In 2021, in response to the pandemic and the crisis in social care, the Lancet and the London School of Economics published a series of papers on the NHS. One, ‘Securing a sustainable and fit-for-purpose UK health and care workforce’, argues that ‘major reform is needed across the entire health and care education system to meet changing health and care needs’. One of the authors of the LSE-Lancet paper is Dame Jill Macleod Clark, an emeritus university nursing professor who ‘influenced the move of nursing education to universities, championing evidence-based practice’ in the 1990s.
This eminent nurse made a surprising admission about the state of UK nursing in a lecture to a Canadian university nursing department in 2015. She is quoted: ‘There is a huge gap between the academy and practice . . . Do we carry on doing more of the same, or do we start reframing the way we think about faculty and evidence-based nursing care?’ In her view, the culture in nursing ‘is largely not evidence-based. If you ask a nurse who has expressed an interest in, for example, urology, who the clinical experts are they will give you a blank look.’ The forensic Francis Report agrees. Much of the care at the Mid-Staffordshire Foundation Trust was below an acceptable standard due to a lack of staff as well as nursing staff not being skilled enough to provide the care required.

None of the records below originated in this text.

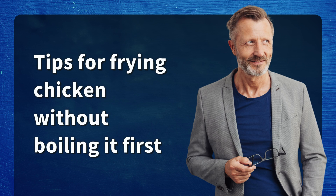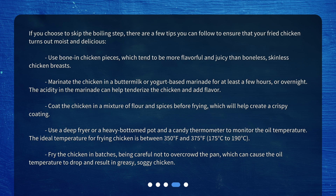Tips for frying chicken without boiling it first. If you choose to skip the boiling step, there are a few tips you can follow to ensure that your fried chicken turns out moist and delicious. Use bone-in chicken pieces, which tend to be more flavorful and juicy than boneless, skinless chicken breasts. Marinate the chicken in a buttermilk or yogurt-based marinade for at least a few hours, or overnight. The acidity in the marinade can help tenderize the chicken and add flavor.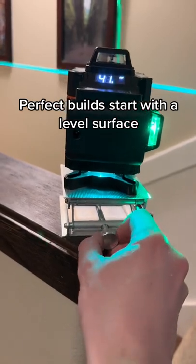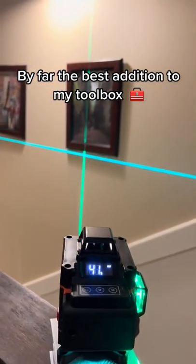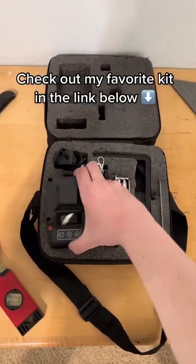Perfect build start with a level surface. By far the best addition to my toolbox. Check out my favorite kit in the link below.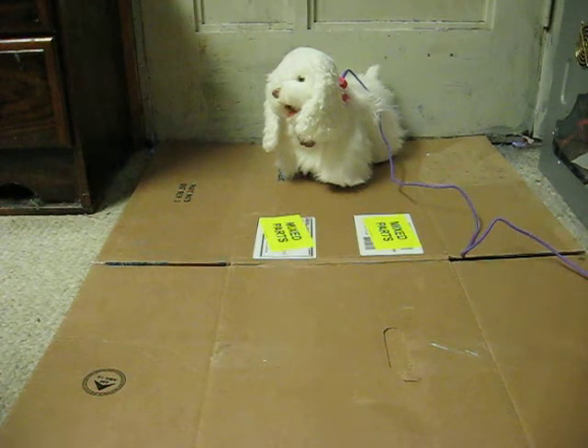This is a For Real Friends Gogo, my walking pup from Hasbro.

But the nursing academy has fought against any changes to supposed academe. In 2014 the Lancet published a paper of which the lead researcher is a professor at a US university nursing department. This study concludes that improved nurse staffing and education is associated with a decreased risk of mortality in patients. But the paper does not admit that there is no standardised nursing education or international qualification. The implications of this flaw, which fatally undermines the validity of this study, are not addressed. Notwithstanding, because it is published by a respected medical journal, the study has been key to promoting and keeping the nursing academy internationally, including in the UK.
Yet health research is coming into serious question. In July 2021 Richard Smith, former editor of the British Medical Journal, argued that there is widespread fraud in health research. He was referring to hard scientific research, the evidence base for the treatment of patients. But this surprising admission is extremely relevant to the nursing academy. The rationale given to government for costly changes in nurse training from the hospital to higher education by the Briggs Report in 1972 was to develop a body of nursing knowledge by becoming a research-based profession. This was followed a decade later by Project 2000 which intended to make nursing students into qualified nurses who would take individual professional accountability for the care of the patient. As a result, the role of the nurse would change. No longer would the nurse give ‘basic nursing care’, instead she (or he) was intended to be a ‘knowledgeable doer’, a manager, a communicator, and a researcher, or at least a research implementer.
But most nursing research does not even attempt empirical hard science. It is mainly soft social science that cannot be measured or verified. Hence it is innately flawed and easily open to fraud. It is not, as Professor Macleod Clark admits, providing an evidence base for nursing. This is because truth for much of nursing research is a state of mind or attitude related to organisational conditions. This is illustrated by the rather extreme but nonetheless influential work of professors at the University of Ulster and Queen Margaret University, both from departments of nursing.
It is surely arguable that nursing academe has failed both patients and nurses. Nursing academics, desperate to keep the academy, financially and for its prestige, have an undeclared conflict of interest when the interests of patients in hospital and in the community would be better served by a reform of nurse training by removing it from the clutches of the academy. This would save the vast cost of the nursing professoriat and university degree apparatus, return nurse training to the NHS wards and command and control of the nursing trainees for use in pandemic surges, and return ‘social care’ to nursing care thus raising standards and helping the aged stay in their own homes.